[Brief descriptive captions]
● ● ● ● ●
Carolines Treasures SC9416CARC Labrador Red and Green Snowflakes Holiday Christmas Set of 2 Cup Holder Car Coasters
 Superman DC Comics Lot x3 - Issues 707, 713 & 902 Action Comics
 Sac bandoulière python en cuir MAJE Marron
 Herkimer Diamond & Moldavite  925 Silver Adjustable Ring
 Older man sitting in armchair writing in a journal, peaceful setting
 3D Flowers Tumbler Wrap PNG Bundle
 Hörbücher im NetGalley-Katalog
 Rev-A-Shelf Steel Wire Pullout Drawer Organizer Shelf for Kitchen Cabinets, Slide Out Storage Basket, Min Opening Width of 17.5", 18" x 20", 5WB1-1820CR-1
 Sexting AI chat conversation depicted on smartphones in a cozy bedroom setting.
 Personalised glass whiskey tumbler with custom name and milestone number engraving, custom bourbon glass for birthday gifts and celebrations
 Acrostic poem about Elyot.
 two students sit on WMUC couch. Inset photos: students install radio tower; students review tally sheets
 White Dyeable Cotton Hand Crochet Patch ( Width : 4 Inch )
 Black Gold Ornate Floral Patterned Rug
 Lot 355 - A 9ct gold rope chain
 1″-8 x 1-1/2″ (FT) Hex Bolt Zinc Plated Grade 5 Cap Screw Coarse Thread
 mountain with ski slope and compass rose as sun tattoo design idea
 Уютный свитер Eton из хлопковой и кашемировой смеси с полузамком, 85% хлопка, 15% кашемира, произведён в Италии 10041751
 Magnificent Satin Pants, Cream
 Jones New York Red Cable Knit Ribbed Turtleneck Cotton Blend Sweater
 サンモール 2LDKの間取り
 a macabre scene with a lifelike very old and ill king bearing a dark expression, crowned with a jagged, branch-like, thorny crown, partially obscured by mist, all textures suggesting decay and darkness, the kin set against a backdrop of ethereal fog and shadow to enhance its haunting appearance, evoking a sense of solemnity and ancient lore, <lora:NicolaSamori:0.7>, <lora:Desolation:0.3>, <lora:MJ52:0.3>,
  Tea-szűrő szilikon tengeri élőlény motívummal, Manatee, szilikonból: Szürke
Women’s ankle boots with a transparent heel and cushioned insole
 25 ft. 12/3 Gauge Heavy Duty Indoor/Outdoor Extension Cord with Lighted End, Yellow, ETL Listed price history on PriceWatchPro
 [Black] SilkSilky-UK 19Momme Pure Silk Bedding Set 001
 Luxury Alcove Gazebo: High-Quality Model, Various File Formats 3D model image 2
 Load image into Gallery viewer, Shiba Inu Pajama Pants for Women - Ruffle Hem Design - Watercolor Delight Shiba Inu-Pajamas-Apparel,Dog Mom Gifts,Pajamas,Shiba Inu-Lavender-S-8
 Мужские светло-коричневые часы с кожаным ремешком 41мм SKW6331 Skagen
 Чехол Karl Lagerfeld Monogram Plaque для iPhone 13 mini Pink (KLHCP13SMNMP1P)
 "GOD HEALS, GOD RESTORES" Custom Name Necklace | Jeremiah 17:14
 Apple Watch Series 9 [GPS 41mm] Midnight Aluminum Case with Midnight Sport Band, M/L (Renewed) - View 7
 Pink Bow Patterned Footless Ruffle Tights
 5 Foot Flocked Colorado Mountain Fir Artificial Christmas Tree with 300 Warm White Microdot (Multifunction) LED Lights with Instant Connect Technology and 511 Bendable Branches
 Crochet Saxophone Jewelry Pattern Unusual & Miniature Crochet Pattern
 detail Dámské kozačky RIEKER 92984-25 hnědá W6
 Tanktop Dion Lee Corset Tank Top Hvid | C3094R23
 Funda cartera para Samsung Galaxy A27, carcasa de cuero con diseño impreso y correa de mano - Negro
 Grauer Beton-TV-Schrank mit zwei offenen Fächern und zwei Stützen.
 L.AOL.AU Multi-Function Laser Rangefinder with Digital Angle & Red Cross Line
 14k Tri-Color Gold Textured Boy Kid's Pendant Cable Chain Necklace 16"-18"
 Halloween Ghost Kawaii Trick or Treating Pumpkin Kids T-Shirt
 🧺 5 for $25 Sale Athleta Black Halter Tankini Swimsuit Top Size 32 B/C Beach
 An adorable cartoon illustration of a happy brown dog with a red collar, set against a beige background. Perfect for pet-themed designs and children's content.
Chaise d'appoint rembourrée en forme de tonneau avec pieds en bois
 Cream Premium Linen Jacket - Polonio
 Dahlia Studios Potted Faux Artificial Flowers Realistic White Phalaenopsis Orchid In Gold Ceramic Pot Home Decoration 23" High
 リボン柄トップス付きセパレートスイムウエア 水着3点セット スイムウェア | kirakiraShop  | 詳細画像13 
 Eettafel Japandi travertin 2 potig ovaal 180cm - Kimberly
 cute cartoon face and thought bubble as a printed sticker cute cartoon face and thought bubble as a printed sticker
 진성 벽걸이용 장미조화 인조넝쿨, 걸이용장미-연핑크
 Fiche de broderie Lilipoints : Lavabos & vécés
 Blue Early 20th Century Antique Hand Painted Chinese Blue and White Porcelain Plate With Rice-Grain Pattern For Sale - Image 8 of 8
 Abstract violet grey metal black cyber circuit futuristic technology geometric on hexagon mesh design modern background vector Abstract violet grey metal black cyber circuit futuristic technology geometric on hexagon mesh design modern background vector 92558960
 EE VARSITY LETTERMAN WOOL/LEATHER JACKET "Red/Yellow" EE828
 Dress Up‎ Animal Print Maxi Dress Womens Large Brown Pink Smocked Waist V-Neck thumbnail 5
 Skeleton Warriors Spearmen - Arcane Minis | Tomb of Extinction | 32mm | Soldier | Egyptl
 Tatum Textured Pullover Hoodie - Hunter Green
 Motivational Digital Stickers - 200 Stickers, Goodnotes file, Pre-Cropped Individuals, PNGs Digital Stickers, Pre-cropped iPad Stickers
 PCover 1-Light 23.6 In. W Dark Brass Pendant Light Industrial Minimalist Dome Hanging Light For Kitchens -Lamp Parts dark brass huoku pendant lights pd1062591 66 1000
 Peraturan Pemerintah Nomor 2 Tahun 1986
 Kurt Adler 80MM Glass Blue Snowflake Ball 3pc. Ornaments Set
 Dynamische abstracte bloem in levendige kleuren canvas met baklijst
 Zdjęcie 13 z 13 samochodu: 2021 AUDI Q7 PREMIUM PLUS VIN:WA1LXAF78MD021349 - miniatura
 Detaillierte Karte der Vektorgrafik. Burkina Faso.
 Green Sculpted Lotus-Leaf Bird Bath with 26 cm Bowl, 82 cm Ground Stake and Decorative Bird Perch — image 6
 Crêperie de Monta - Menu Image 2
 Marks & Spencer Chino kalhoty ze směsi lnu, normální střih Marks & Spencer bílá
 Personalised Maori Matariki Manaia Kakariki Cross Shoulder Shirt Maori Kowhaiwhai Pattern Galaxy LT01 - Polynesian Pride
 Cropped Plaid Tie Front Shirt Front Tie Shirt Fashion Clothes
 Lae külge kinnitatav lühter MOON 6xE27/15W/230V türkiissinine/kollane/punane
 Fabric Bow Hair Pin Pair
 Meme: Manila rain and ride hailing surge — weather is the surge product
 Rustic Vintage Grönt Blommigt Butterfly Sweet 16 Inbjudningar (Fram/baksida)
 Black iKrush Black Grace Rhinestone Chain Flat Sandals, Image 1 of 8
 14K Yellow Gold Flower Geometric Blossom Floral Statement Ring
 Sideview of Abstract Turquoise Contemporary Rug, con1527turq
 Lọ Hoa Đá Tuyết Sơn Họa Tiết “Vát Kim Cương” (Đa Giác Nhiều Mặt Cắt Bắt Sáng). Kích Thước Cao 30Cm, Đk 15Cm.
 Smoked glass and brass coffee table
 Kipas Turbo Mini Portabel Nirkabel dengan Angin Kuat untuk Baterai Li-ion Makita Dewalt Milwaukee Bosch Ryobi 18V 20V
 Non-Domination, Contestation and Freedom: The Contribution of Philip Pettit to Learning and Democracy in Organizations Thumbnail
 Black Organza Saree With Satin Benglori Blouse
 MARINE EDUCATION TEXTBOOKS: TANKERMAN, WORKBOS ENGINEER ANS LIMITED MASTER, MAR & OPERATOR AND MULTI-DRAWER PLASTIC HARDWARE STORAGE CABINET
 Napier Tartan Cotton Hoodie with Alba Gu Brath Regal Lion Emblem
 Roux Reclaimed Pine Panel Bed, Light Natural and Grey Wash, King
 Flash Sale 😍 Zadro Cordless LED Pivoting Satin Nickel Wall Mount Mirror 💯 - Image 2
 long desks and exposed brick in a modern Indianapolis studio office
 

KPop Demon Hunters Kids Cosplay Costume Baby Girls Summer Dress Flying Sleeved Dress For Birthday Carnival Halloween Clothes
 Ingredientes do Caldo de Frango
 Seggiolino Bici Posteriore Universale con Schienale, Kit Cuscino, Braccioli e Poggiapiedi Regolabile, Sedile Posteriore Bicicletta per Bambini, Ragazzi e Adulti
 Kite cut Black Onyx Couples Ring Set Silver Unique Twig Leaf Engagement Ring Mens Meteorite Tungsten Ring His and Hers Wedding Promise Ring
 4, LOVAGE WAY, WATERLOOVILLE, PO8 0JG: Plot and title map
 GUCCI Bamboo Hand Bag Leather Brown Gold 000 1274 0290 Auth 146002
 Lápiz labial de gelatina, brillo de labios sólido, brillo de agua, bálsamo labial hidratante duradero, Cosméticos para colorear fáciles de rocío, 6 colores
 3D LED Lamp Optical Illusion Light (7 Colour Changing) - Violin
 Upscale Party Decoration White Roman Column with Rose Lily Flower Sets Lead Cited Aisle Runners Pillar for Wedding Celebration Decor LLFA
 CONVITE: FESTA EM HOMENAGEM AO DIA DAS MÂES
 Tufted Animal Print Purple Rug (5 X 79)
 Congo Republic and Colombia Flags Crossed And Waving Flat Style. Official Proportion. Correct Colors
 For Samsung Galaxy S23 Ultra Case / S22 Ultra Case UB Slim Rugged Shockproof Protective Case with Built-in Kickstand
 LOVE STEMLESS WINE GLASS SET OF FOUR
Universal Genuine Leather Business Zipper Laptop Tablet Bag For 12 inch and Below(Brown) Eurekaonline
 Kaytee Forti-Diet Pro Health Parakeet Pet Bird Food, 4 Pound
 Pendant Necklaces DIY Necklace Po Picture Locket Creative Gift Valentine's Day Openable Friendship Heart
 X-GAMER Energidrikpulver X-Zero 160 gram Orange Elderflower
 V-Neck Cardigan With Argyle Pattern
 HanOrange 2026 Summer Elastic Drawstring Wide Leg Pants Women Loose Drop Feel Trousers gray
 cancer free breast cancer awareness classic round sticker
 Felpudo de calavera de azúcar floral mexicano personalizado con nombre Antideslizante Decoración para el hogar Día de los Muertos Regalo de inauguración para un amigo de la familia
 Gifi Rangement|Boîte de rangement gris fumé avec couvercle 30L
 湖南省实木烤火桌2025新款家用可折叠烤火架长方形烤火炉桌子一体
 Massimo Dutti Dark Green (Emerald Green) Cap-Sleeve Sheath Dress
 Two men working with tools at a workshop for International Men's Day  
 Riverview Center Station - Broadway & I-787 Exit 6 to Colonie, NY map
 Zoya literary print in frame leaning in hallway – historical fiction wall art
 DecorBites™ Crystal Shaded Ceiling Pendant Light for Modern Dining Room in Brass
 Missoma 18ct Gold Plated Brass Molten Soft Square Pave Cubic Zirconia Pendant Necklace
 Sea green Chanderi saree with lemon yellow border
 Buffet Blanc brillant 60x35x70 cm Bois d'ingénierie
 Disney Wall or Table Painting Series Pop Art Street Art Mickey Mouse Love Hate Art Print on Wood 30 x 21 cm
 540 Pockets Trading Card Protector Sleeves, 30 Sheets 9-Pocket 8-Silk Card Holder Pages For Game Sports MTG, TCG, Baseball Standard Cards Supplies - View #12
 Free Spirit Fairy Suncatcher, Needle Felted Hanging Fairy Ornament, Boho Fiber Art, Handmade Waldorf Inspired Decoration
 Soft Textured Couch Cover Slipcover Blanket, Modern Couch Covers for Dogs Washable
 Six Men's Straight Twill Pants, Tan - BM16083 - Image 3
● ● ● ● ●
Directions |
Out of the entries above, write out only the lines between the line holding "Dahlia Studios Potted" and the line holding "Blue Early 20th", inclusive, each exactly as given.

Output below |
 Dahlia Studios Potted Faux Artificial Flowers Realistic White Phalaenopsis Orchid In Gold Ceramic Pot Home Decoration 23" High
 リボン柄トップス付きセパレートスイムウエア 水着3点セット スイムウェア | kirakiraShop  | 詳細画像13 
 Eettafel Japandi travertin 2 potig ovaal 180cm - Kimberly
 cute cartoon face and thought bubble as a printed sticker cute cartoon face and thought bubble as a printed sticker
 진성 벽걸이용 장미조화 인조넝쿨, 걸이용장미-연핑크
 Fiche de broderie Lilipoints : Lavabos & vécés
 Blue Early 20th Century Antique Hand Painted Chinese Blue and White Porcelain Plate With Rice-Grain Pattern For Sale - Image 8 of 8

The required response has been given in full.